An undercoat layer was prepared in the same manner as in Example 10 except that the MAXLIGHT® TS-04 (product by Showa Denko K.K.) used in the coating solution for undercoat layer formation used in Example 10 was changed to MAXLIGHT® TS-01 (product by Showa Denko K.K., titanium oxide treated with anhydrous silicon dioxide, titanium oxide: 67% by weight, anhydrous silicon dioxide: 33% by weight, particle diameter of titanium oxide particles: 90 nm, particle diameter of titanium oxide particles treated with anhydrous silicon dioxide: 110 nm), and then a photosensitive layer was formed to produce a function separation type electrophotographic photoreceptor 1a.
A photosensitive layer 4 was prepared in the same manner as in Example 10 except that the dried film thickness of the charge generation layer prepared in Example 10 was changed to 0.04 μm to produce a function separation type electrophotographic photoreceptor 1a.
A photosensitive layer 4 was prepared in the same manner as in Example 10 except that the dried film thickness of the charge generation layer prepared in Example 10 was changed to 6 μm to produce a function separation type electrophotographic photoreceptor 1a.
A photosensitive layer 4 was prepared in the same manner as in Example 9 except that the titanylphthalocyanine obtained in Production Example 3 used in the coating solution for photosensitive layer formation used in Example 9 was changed to τ type metal-free phthalocyanine, LIOPHOTON TPA-891 (product by Toyo Ink Mfg. Co., Ltd.) to produce a monolayer type electrophotographic photoreceptor 1b.
A photosensitive layer was prepared in the same manner as in Example 10 except that the titanylphthalocyanine obtained in Production Example 3 used in the coating solution for charge generation used in Example 10 was changed to the titanylphthalocyanine of a crystal type having a maximum diffraction peak in an X-ray diffraction spectrum at a Bragg angle (2θ±0.2°) of 27.3° obtained in Production Example 4 to produce a function separation type electrophotographic photoreceptor 1a.

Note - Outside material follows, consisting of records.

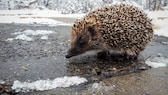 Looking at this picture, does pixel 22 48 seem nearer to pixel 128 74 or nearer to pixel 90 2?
pixel 128 74

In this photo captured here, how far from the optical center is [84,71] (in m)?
3.67

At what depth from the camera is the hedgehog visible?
4074 mm

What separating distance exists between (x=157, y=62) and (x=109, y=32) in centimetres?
99

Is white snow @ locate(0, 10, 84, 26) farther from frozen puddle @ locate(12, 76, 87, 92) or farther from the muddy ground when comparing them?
frozen puddle @ locate(12, 76, 87, 92)

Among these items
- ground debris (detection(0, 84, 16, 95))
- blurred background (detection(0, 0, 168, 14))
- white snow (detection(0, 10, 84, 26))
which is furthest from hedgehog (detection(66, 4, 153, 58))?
blurred background (detection(0, 0, 168, 14))

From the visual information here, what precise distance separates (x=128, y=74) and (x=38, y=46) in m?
2.29

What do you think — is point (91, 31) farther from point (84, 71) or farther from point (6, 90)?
point (6, 90)

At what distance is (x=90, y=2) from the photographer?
23516 millimetres

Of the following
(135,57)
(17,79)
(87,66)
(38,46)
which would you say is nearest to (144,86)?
(87,66)

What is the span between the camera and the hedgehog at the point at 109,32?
160 inches

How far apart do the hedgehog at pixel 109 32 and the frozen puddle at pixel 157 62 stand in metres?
0.29

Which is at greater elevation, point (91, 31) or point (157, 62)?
point (91, 31)

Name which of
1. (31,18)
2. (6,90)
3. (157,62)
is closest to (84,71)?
(6,90)

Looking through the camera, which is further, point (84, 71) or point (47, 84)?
point (84, 71) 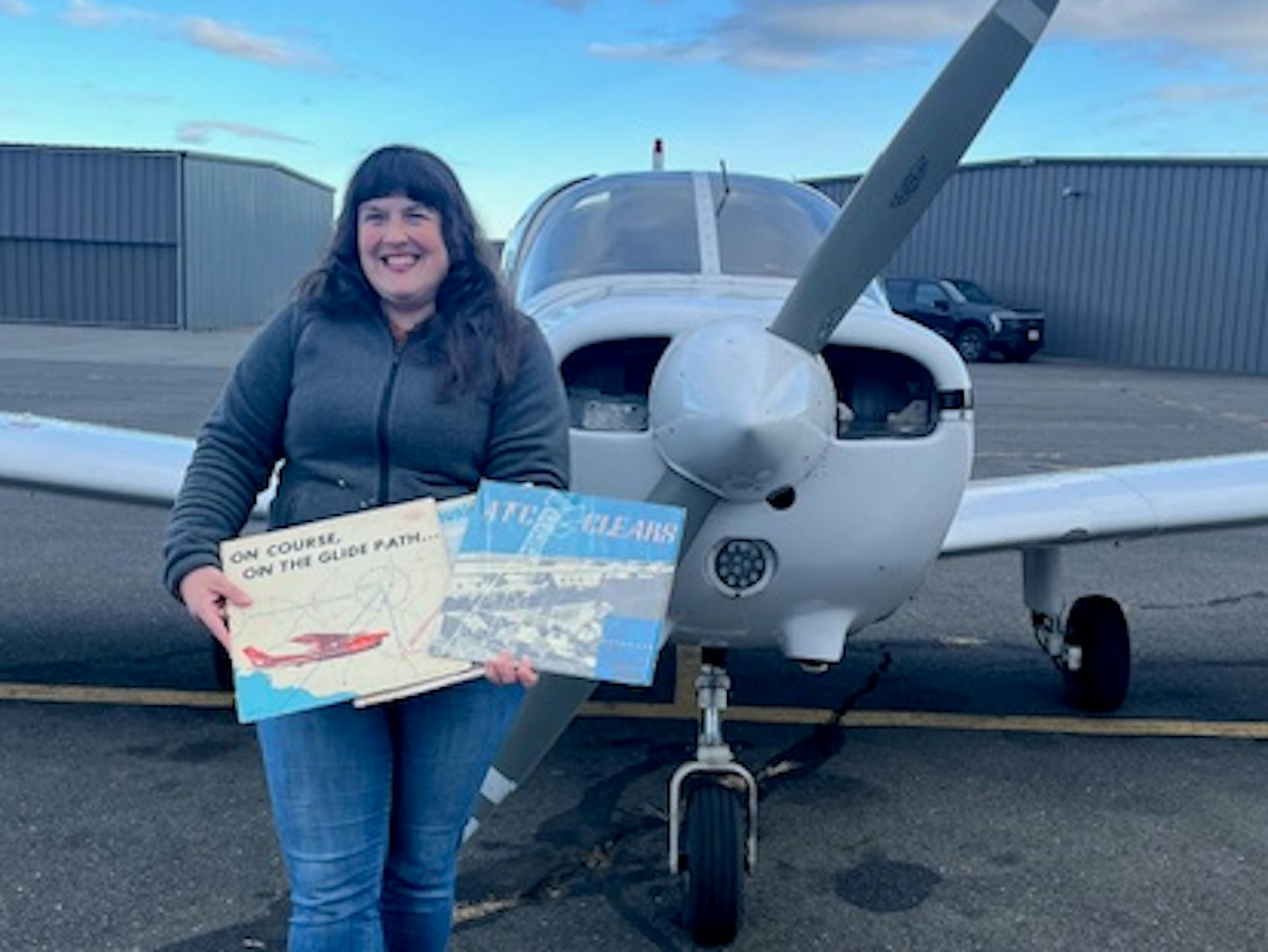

An undercoat layer 3 and a photosensitive layer 4 were prepared in the same manner as in Example 10 except that the MAXLIGHT® TS-04 (product by Showa Denko K.K.) in the coating solution for undercoat layer formation used in Example 10 was changed to a zinc oxide (treated with alumina, organic polysiloxane, FINEX-30WL2, product by Sakai Chemical Industry Co., Ltd.), and the titanylphthalocyanine obtained in Production Example 3 in the coating solution for charge generation was changed to a τ type metal-free phthalocyanine, LIOPHOTON TPA-891 (product by Toyo Ink Mfg. Co., Ltd.) to produce a function separation type electrophotographic photoreceptor 1a.
An undercoat layer 3 and a photosensitive layer 4 were prepared in the same manner as in Example 10 except that the MAXLIGHT® TS-04 (product by Showa Denko K.K.) in the coating solution for undercoat layer formation used in Example 10 was changed to a titanium oxide (surface untreated, TTO-55N, product by Ishihara Sangyo Kaisha, Ltd.), and the titanylphthalocyanine obtained in Production Example 3 in the coating solution for charge generation was changed to a τ type metal-free phthalocyanine LIOPHOTON TPA-891 (product by Toyo Ink Mfg. Co., Ltd.) to produce a function separation type electrophotographic photoreceptor 1a.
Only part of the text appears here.